The White House released a July 2015 report entitled “Occupational Licensing: A Framework for Policymakers,” which explains how the impact of occupational licensing on consumers, job seekers, and the economy as a whole can be more costly than beneficial. An August 7 Washington Post editorial summarized the report and some of its findings:
“A startling one-quarter of all U.S. workers need a license to do their jobs, according to the White House report, a five-fold increase since the 1950s. Among those most affected by this situation are military families, who move frequently from state to state, only to find that a non-military spouse can no longer work without spending months qualifying for a new license. Licensing also inhibits many ex-offenders from rejoining the workforce because they lack the requisite clean police record.

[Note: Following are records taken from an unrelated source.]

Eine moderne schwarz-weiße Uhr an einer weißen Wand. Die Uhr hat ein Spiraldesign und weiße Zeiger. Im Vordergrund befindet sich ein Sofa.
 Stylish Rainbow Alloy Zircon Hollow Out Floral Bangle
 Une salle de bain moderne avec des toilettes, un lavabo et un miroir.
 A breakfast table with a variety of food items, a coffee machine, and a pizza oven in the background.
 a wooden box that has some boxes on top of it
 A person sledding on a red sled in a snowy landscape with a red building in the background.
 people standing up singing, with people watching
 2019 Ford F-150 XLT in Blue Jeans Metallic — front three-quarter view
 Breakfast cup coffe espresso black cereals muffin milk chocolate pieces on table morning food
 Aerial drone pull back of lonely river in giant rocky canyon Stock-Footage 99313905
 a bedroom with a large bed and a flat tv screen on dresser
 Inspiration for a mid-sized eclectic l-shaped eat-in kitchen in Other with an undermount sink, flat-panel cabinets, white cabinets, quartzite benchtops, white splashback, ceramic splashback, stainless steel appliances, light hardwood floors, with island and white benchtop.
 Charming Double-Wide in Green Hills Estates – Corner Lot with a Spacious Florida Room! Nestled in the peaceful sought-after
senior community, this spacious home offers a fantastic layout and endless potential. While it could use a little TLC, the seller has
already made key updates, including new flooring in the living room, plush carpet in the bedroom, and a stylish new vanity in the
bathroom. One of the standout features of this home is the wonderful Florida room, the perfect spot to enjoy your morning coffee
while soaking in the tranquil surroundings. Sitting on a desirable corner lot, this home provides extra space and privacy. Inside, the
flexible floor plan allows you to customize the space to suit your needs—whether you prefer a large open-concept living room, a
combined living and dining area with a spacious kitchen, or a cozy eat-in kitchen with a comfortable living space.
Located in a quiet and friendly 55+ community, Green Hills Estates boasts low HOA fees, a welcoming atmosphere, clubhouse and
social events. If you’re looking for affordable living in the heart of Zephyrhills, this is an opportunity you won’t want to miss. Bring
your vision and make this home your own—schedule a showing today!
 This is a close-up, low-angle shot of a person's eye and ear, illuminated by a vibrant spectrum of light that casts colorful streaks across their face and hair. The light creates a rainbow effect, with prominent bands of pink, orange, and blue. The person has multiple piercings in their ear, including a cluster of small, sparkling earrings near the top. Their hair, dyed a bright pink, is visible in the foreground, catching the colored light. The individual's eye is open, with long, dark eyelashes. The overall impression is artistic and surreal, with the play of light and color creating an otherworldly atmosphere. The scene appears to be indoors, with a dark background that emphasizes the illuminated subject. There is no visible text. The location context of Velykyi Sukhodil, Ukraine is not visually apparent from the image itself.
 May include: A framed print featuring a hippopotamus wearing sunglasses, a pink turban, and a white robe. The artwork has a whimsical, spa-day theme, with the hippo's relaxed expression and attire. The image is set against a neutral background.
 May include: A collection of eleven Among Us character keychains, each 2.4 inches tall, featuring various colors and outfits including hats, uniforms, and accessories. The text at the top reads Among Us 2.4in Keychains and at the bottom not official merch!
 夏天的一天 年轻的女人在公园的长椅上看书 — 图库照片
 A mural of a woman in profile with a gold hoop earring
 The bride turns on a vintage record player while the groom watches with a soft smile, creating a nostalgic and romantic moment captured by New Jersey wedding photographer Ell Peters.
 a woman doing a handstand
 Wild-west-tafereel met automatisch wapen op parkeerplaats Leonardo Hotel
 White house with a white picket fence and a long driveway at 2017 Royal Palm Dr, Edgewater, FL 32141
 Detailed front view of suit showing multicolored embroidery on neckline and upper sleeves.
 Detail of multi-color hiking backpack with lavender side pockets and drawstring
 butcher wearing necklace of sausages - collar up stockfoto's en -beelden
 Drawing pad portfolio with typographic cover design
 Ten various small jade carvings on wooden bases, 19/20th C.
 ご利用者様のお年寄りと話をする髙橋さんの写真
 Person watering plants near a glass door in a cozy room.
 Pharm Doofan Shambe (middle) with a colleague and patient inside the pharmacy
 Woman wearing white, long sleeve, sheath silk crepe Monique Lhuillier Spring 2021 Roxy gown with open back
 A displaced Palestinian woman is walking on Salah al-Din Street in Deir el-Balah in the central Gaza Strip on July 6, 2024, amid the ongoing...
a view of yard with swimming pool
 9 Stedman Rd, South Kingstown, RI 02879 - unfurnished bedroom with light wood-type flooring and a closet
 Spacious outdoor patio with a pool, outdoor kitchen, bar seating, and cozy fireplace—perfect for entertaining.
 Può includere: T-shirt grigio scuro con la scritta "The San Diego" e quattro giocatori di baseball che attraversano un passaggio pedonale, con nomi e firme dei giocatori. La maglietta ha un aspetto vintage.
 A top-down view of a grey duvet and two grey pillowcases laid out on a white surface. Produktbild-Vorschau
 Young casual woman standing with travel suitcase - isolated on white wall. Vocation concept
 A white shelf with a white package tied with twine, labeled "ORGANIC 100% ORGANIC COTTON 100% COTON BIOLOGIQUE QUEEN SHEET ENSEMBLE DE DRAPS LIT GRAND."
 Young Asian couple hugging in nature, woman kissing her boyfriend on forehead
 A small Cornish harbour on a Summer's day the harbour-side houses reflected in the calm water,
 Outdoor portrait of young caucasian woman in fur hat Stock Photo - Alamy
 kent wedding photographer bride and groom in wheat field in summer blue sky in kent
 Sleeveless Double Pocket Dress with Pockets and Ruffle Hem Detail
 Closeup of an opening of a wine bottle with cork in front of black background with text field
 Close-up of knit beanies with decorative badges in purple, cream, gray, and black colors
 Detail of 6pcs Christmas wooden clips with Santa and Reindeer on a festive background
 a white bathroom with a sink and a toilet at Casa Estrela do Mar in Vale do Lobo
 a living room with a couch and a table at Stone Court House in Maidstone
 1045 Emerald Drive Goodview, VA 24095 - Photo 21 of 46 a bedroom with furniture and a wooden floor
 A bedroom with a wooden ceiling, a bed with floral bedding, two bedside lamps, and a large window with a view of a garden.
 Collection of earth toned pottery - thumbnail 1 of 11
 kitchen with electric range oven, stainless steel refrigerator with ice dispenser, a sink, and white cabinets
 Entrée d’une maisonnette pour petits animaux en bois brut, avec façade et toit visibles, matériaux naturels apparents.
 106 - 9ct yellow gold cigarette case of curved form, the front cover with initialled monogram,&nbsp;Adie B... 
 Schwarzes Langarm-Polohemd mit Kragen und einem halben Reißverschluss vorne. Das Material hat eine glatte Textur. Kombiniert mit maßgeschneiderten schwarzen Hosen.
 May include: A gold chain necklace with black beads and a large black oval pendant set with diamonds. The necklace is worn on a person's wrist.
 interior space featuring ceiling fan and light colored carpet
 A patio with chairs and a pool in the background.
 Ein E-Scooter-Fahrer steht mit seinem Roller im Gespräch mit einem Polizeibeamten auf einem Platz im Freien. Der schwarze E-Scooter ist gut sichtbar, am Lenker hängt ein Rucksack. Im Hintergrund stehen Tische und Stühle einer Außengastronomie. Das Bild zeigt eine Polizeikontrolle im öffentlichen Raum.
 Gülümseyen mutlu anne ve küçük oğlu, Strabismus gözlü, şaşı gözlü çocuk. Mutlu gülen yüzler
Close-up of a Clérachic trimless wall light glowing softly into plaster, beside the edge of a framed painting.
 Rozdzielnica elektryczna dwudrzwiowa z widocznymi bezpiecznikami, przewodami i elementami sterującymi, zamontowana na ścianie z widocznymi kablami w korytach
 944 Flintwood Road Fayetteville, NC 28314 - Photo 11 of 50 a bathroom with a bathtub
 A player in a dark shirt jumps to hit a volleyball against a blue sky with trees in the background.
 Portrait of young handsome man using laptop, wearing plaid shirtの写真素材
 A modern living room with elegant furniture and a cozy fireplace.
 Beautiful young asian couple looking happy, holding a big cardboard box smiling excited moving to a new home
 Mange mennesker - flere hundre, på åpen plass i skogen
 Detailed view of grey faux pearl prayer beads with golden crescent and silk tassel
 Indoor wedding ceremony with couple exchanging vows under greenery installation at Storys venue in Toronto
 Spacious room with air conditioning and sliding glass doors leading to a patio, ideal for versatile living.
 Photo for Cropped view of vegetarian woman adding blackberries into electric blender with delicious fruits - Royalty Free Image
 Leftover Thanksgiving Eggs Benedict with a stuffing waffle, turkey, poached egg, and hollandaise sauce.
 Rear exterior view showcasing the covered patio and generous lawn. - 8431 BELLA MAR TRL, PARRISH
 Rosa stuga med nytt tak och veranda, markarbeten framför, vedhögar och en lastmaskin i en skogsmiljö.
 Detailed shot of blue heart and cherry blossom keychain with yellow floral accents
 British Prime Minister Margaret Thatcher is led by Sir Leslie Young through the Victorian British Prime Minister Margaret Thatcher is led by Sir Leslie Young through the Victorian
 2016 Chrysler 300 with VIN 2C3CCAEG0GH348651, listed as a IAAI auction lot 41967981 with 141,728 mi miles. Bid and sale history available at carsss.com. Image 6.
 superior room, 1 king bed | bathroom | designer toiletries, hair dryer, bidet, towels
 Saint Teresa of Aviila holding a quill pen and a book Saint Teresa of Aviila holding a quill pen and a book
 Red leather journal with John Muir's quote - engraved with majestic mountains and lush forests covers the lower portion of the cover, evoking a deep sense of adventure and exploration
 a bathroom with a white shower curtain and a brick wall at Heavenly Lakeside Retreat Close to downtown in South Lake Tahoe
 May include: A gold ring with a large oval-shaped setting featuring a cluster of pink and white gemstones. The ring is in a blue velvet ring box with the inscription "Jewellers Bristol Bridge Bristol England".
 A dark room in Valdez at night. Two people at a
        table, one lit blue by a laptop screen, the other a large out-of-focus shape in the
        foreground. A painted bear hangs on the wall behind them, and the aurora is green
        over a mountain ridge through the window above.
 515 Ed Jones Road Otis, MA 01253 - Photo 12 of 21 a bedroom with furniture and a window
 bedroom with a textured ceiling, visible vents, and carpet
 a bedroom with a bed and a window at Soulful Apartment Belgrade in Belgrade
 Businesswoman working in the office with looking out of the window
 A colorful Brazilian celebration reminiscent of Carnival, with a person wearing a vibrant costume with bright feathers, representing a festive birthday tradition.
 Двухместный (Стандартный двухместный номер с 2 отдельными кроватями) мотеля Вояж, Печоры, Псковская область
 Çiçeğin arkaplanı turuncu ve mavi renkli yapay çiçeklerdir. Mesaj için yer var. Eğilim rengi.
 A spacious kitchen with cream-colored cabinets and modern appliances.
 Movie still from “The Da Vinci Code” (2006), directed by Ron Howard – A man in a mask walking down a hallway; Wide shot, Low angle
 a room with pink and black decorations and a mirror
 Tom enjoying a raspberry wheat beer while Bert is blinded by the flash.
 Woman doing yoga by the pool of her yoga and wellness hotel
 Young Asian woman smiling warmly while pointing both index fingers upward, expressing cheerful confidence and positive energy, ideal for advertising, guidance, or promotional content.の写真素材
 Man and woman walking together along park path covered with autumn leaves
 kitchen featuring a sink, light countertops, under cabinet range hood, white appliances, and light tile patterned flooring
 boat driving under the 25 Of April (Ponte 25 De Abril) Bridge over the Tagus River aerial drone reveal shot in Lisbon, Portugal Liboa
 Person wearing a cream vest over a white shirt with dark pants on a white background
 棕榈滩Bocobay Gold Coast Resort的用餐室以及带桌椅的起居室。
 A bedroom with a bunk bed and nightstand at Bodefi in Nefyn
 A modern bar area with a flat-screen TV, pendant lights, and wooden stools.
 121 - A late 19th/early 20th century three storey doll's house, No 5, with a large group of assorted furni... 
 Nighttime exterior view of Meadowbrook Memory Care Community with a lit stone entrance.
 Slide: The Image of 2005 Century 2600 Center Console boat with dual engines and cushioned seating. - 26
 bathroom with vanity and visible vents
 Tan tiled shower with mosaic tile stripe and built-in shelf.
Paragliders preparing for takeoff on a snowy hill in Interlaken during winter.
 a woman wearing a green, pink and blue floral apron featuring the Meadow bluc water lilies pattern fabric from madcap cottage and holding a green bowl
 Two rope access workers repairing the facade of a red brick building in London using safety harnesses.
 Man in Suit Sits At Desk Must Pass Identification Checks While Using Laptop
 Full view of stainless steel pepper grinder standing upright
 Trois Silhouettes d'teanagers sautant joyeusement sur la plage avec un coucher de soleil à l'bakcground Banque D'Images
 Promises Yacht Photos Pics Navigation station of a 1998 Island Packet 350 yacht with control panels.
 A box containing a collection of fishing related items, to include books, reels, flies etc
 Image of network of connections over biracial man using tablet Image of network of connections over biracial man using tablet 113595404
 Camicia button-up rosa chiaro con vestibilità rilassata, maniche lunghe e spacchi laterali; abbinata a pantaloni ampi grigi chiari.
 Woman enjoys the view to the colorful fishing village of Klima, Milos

Overall, unlicensed workers earn 10 percent to 15 percent less than similarly skilled licensed workers, and licensing laws raise consumer prices, with no discernible increase in the general quality of goods and services, according to research summarized in the report.”
The editorial says that while some occupational licenses help protect public safety and health, others can be particularly burdensome when applied to specific occupations in a protectionist manner, like florist licenses or funeral-attendant licenses. The editorial also considers how historic economists and various political ideologies have questioned the costs and benefits of restrictive occupational licensing:
“[T]he report’s authors stand on the shoulders of not only [Adam] Smith and [Milton] Friedman but also researchers at think tanks ranging from the libertarian Institute for Justice to the liberal Brookings Institution, who have previously documented the often contradictory and unjustifiable rules that require, say, scrap metal recyclers to get a license in one state but not in another — or oblige aspiring members of the same licensed trade to pay wildly varying fees and spend wildly varying amounts of time studying depending on where they live.”
On July 31, 2015, I wrote a blog entitled “Maryland’s Occupational Licensing Regime Hurts the Poor.” In it, I referred to the White House report in discussing how restricted competition under Maryland’s occupational licensing regime leads to increased prices and unemployment, which disproportionately burden poor Maryland residents.As my blog, the White House report and the Washington Post editorial conclude, eliminating discriminatory and protectionist occupational licenses would enhance consumer welfare and promote economic growth. This is an issue on which those with various political ideologies ought to agree.